I'm glad durability has been removed. Unless the game is going to be a survival sort of game, like Fallout or a zombie survival game, it just adds unnessecary busywork that we are better off without in an epic fantasy adventure.

 

Durability is fine (if annoying) as a plot device in BG1 but it is so annoying when your epic sword given by the gods just breaks, ala TES.

Posted

 

 

 

Durability when done correctly isn't a chore, and now weapon crafting is just nonsensical.  Why can I craft a bad ass adamantite suit of plate?  I am not a trained smith, I haven't practiced, are you telling me any idiot with a instruction manual, some ore, and a forge can just make whatever?

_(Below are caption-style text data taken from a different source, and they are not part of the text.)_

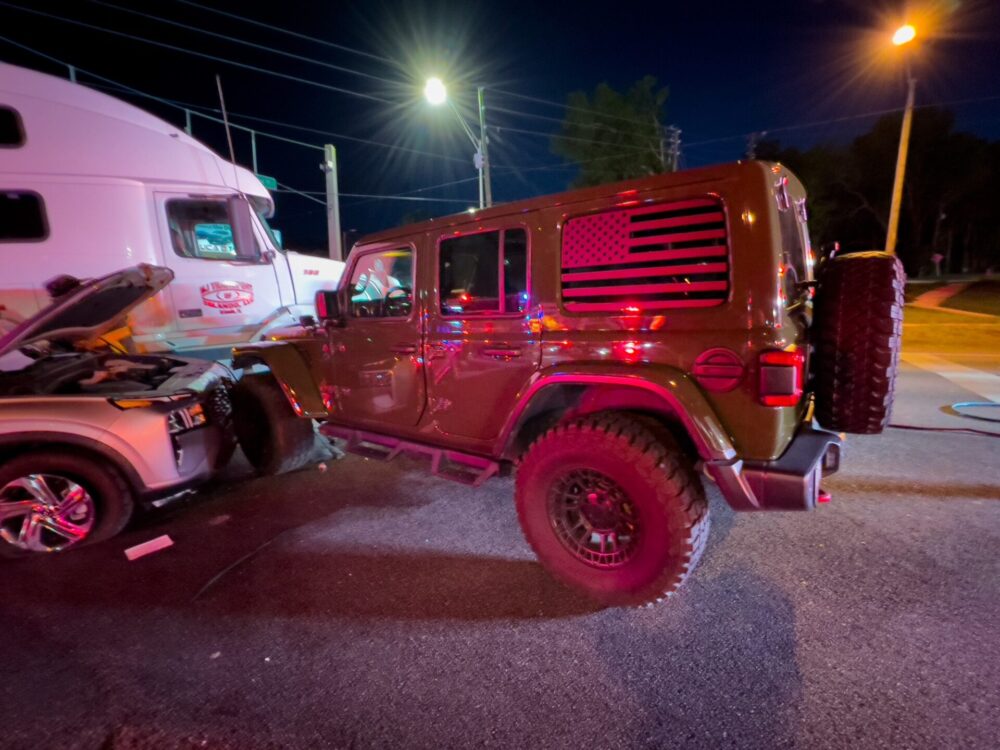 3 vehicle crash in Belleview on March 25, 2024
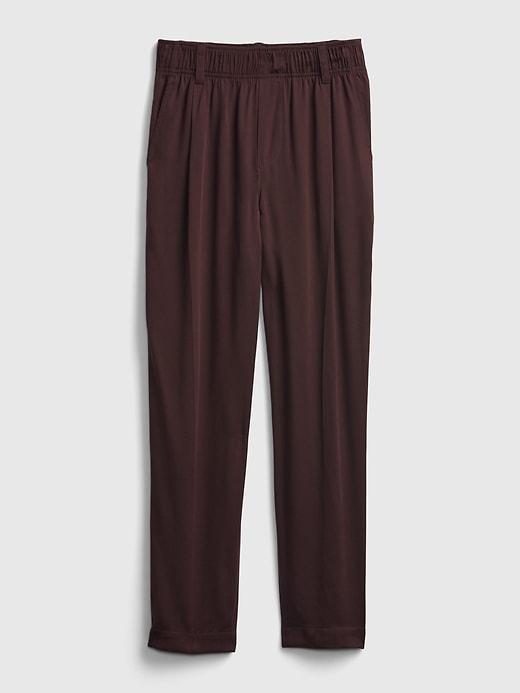 high rise cropped pull-on pants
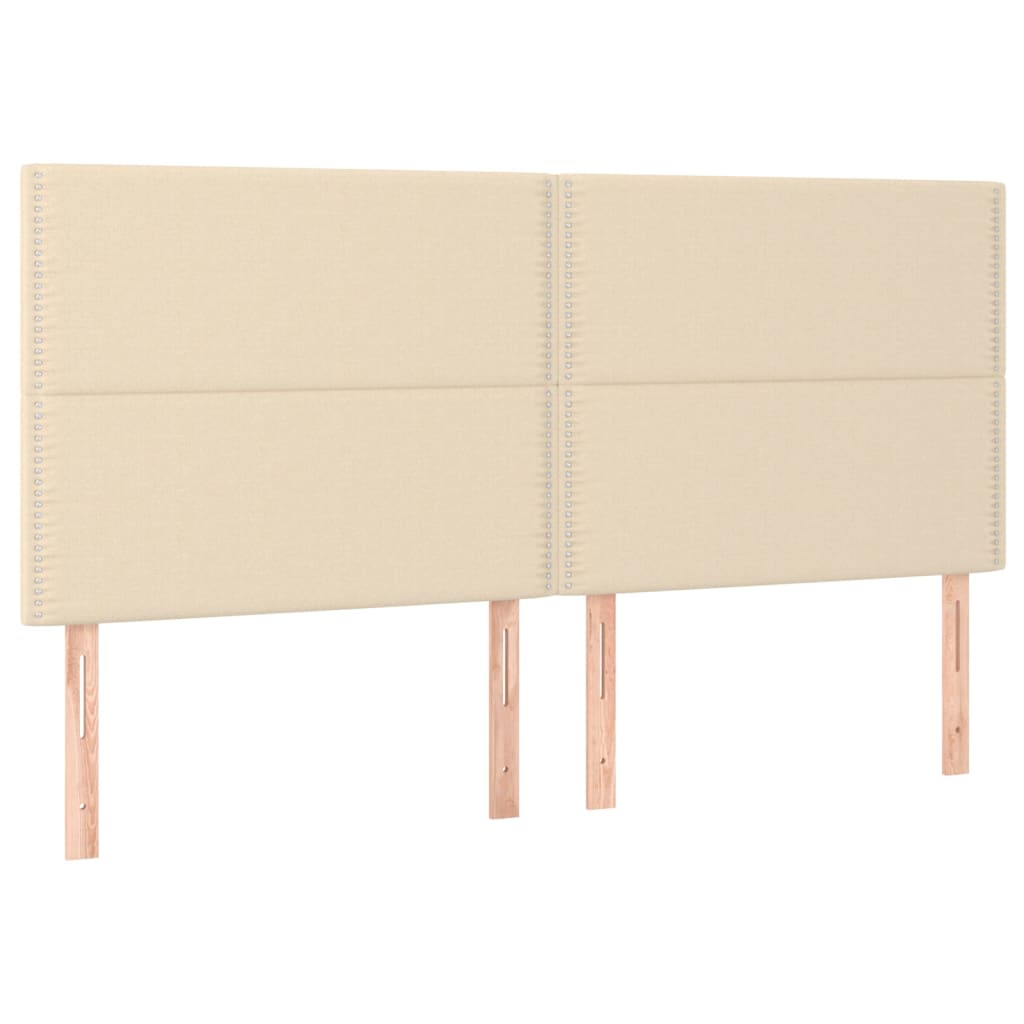 LED uzglavlje krem 180x5x118/128 cm od tkanine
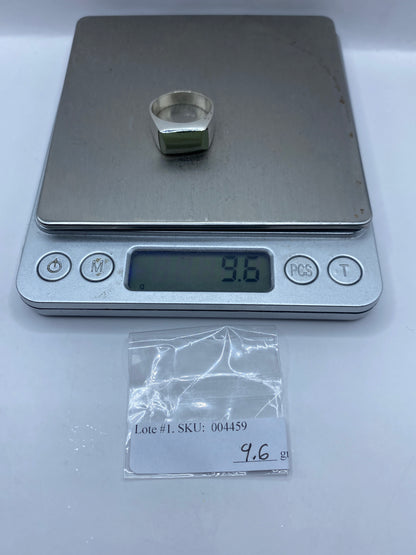 Anillo de Plata con Piedra Verde Olivo — Taxco .925 — foto 6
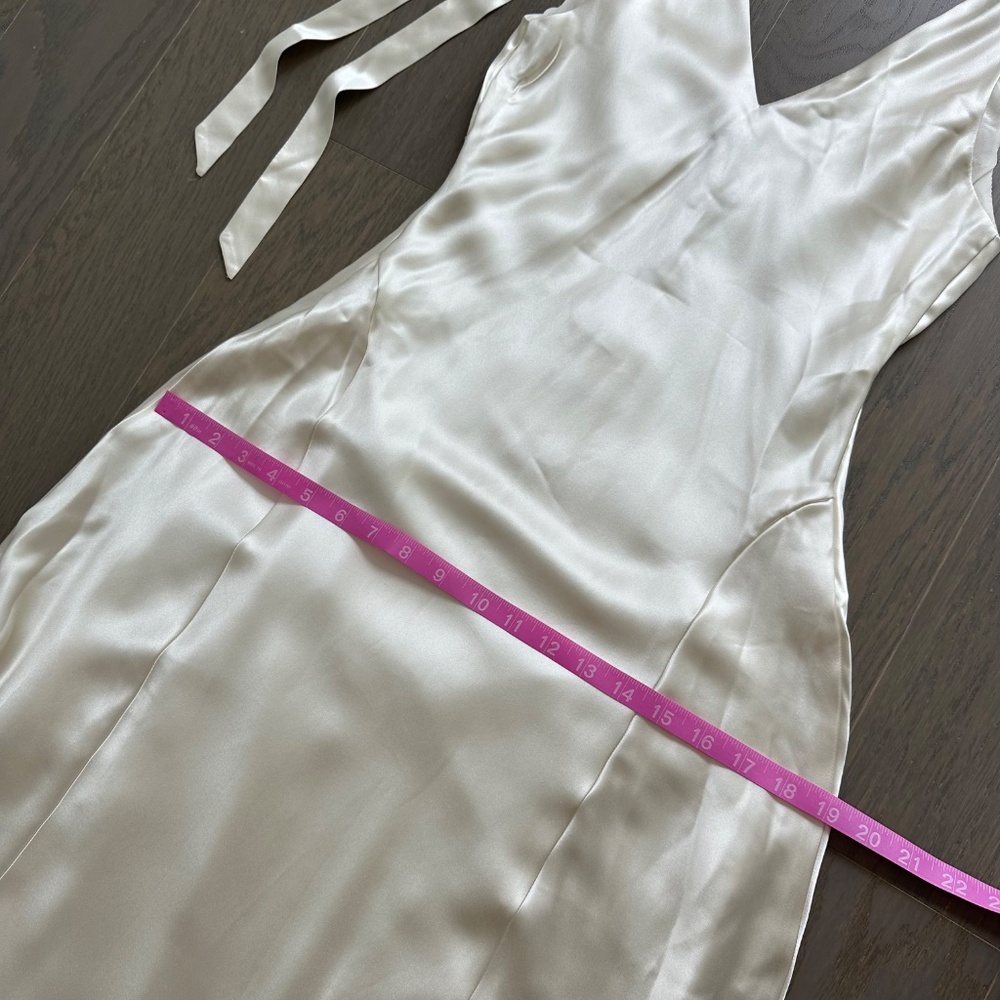 Reformation Cream Satin Maxi Dress - Picture 12 of 14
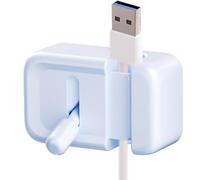 Organiseur de câbles magnétique, support de cordon adhésif, support de gestion des fils de bureau, blanc, bleu pour chargeur de téléphone, chargeur de voiture, mur, bureau, maison, organiseur monté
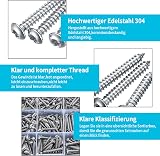 Haochen 405 pcs Stainless Steel Torx Head Screws Set M3/M3.5/M4 With Bits view 3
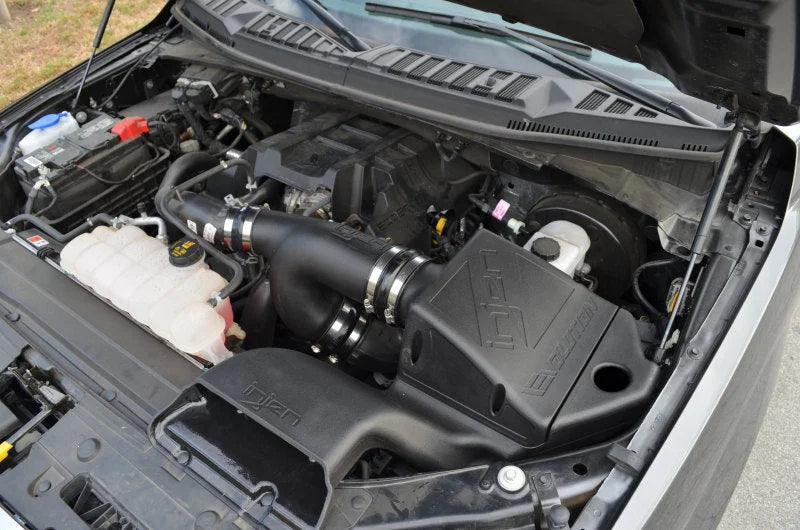Injen 2015+ Ford F-150 3.5L V6 EcoBoost Oiled Evolution Intake - Side View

Yes, as far as the abstraction of the game mechanics is concerned.

 

Your character doesn't start as a fetus. He/she starts as an adult person. Obviously he hasn't been "adventuring" since the fetal stage, but he/she's been doing SOMEthing up until the present. That's a lot of time to learn things.

 

A year-or-two of blacksmith apprenticeship will have you able to produce weapons and armor. Also, who says the game is obviously going to allow your character to become a master smith?

 

I haven't even studied engineering intensely, but I bet I can build a shed out of wood that won't fall over. Does that mean a professional carpenter/builder can't make something 17 times better/sturdier/more efficient than I can? No. Does his ability to make such a thing mean that someone else can't even assemble pieces of wood together into some sort of free-standing construct that functions on some basic level? Nope.

 

Oh, wait, I forgot. If we put something in P:E, it's GOT to directly model an existing implementation from another game. Drat... Darn that unwritten rule!!! *fist shake*

 

And, as Micamo said, the whole time thing is already abstracted. Why doesn't healing take you 3 weeks of sleeping, in-game? Abstraction.

 

So, yes, you could improve your smithing skill at an abstractly faster-than-real-life rate, and STILL be a novice/amateur relative to master smiths.

 

to put it simply, real life smithing is like this

i know how to bang the metal and shape it into a sword

i know how to handle iron, steel, titanium, mithril, adamantite and alchemical silver

i can turn any of the above metals into a sword.

 

EEEEEEE!  No, I have to say it's not as simple as that.  Hell, they couldn't make plate or the largest swords until blast furnaces came along, and bronze requires combining tin and copper (and was actually better than iron until new methods were developed including the aforementioned blast furnaces, people moved onto iron because it was cheap, not because it was better, and could be mass produced more easily).  Do you know how hard it is to handle titanium?  You'd probably need magic to be able to do anything with it in the middle ages.  As to 'just banging the metal into the shape of a sword', no it doesn't work that way.  Do you know why most single-edged swords are curved and most double-edged swords bulged along their length?  That's because in order to give a piece of metal a sharp edge you need to make it brittle, the sharper it is the more brittle it becomes.  The sharp parts of the sword were heated to different temperatures than the parts that were not, hence causing them to bend and curve, single-edged swords like katanas bending back along the blunt, more flexible side of the blade.  There was a reason why many armoursmiths and weaponsmiths were renowned for their skill and sought after, the Italian and German armoursmiths especially.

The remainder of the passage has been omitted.